[Task to carry out] Only one stretch of the material below is wanted: everything from the line containing "Pênis Duplo Borracha" down to the line containing "Wireless Under Cabinet Light", both ends included. Repeat it exactly and skip the pictures.

══ Information provided

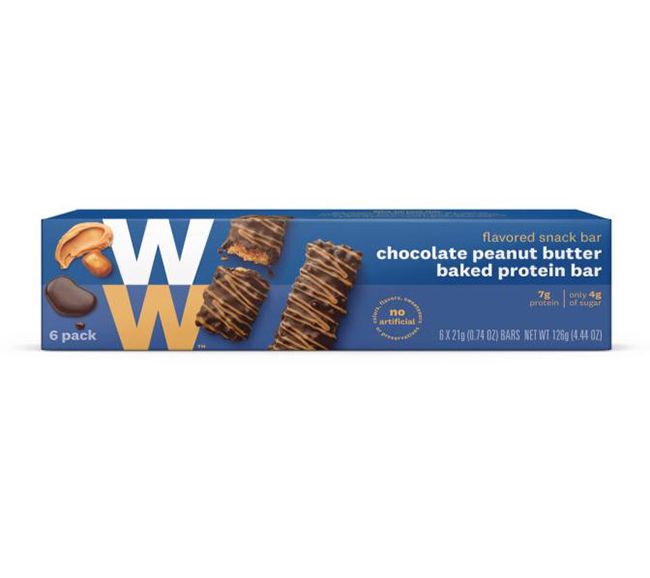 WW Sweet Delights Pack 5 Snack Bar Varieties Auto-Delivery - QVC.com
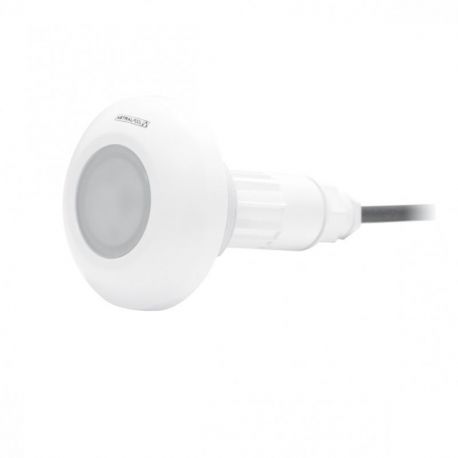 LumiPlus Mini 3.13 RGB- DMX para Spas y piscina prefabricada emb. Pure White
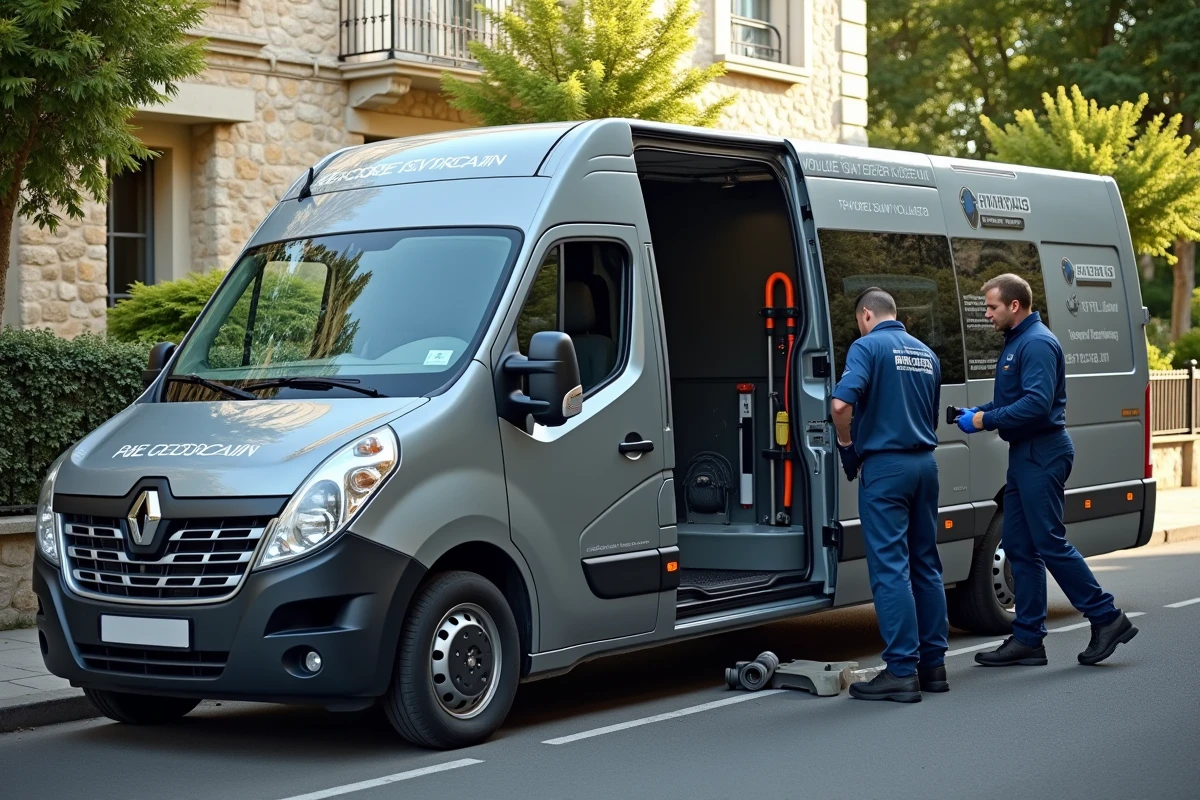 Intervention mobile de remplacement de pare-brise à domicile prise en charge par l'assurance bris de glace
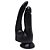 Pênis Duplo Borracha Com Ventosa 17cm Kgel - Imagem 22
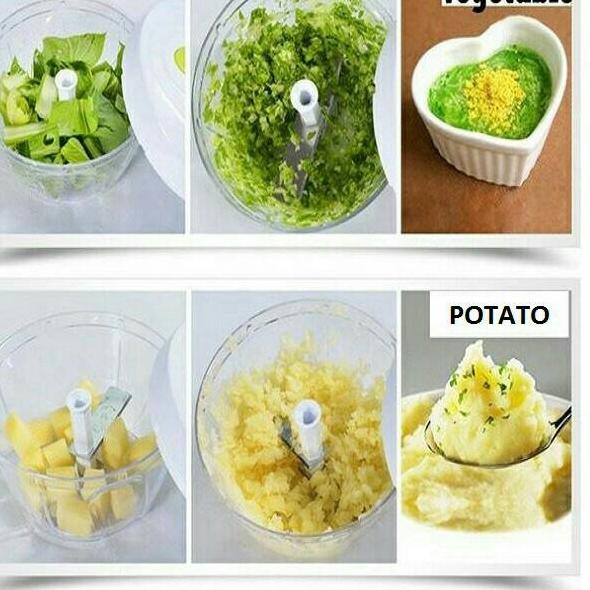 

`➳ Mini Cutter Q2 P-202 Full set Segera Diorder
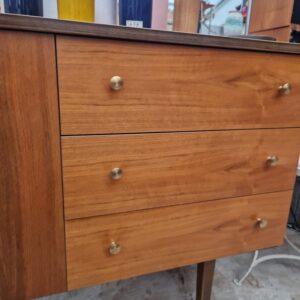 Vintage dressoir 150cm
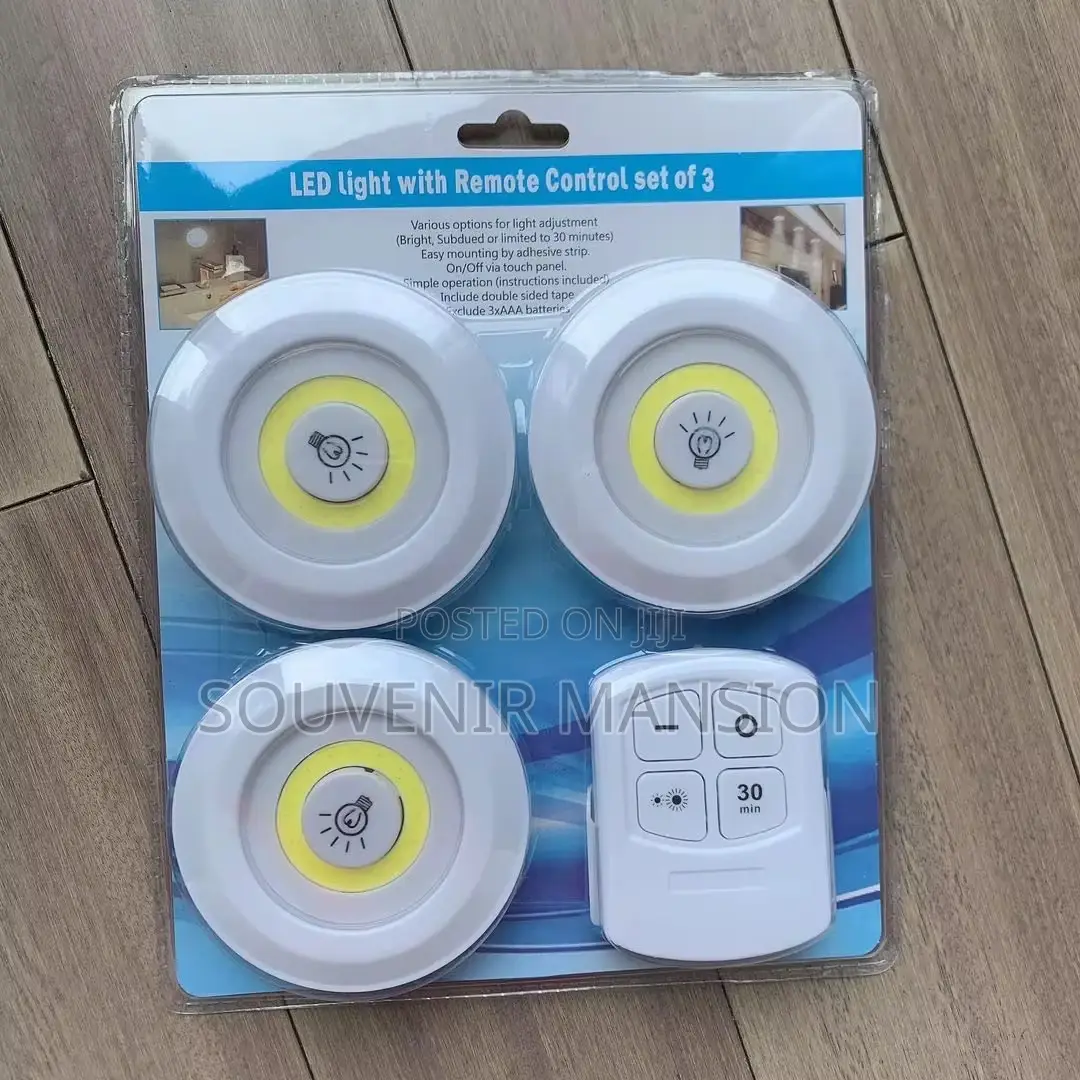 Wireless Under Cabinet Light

════
══ Information provided

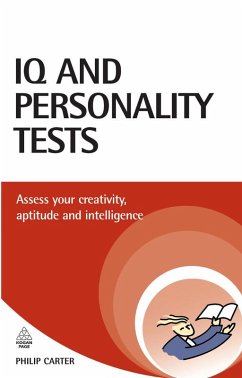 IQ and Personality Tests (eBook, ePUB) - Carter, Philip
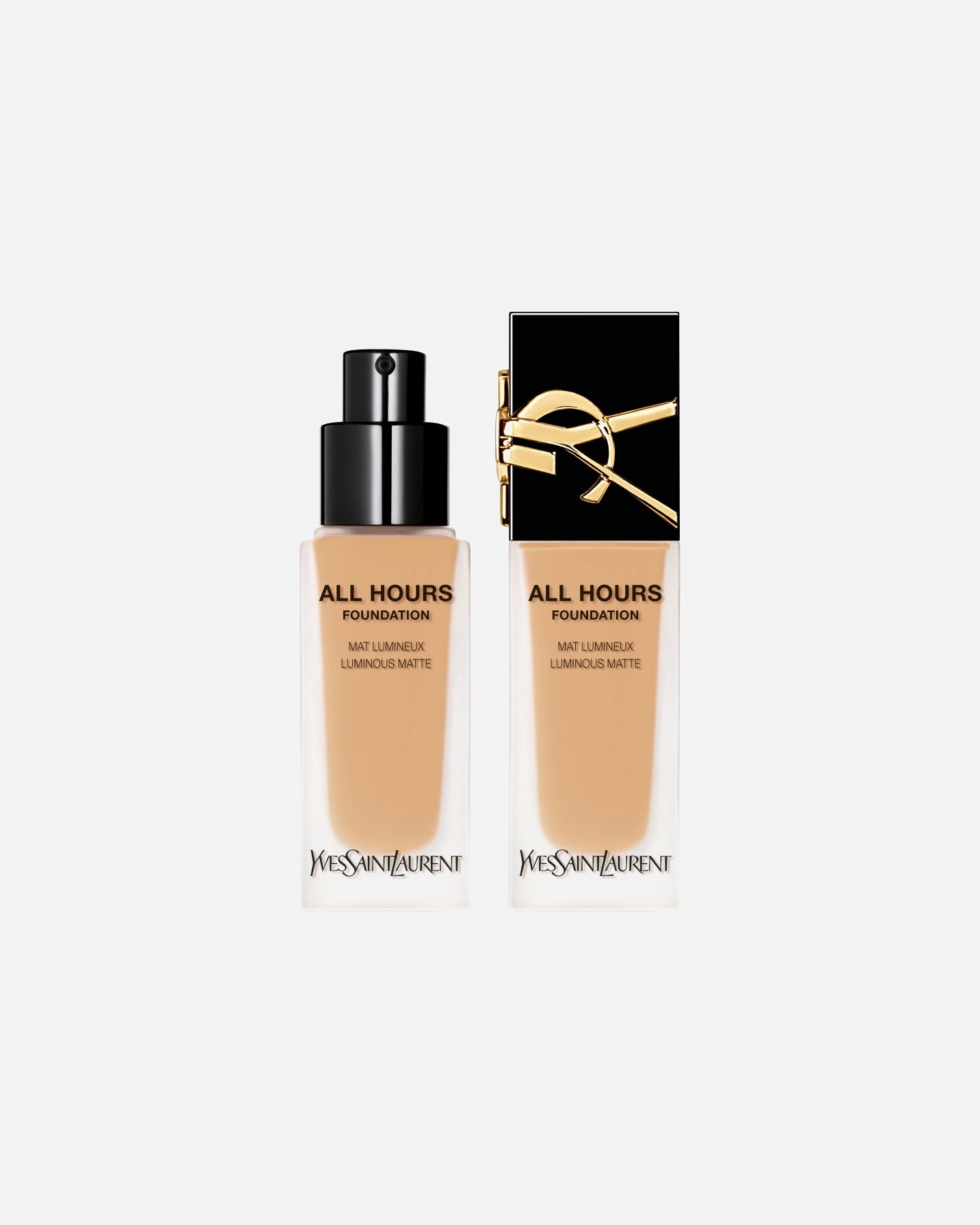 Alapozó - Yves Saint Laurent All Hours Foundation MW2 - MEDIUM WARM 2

════

[Reply to the task]
 Pênis Duplo Borracha Com Ventosa 17cm Kgel - Imagem 22

`➳ Mini Cutter Q2 P-202 Full set Segera Diorder
 Vintage dressoir 150cm
 Wireless Under Cabinet Light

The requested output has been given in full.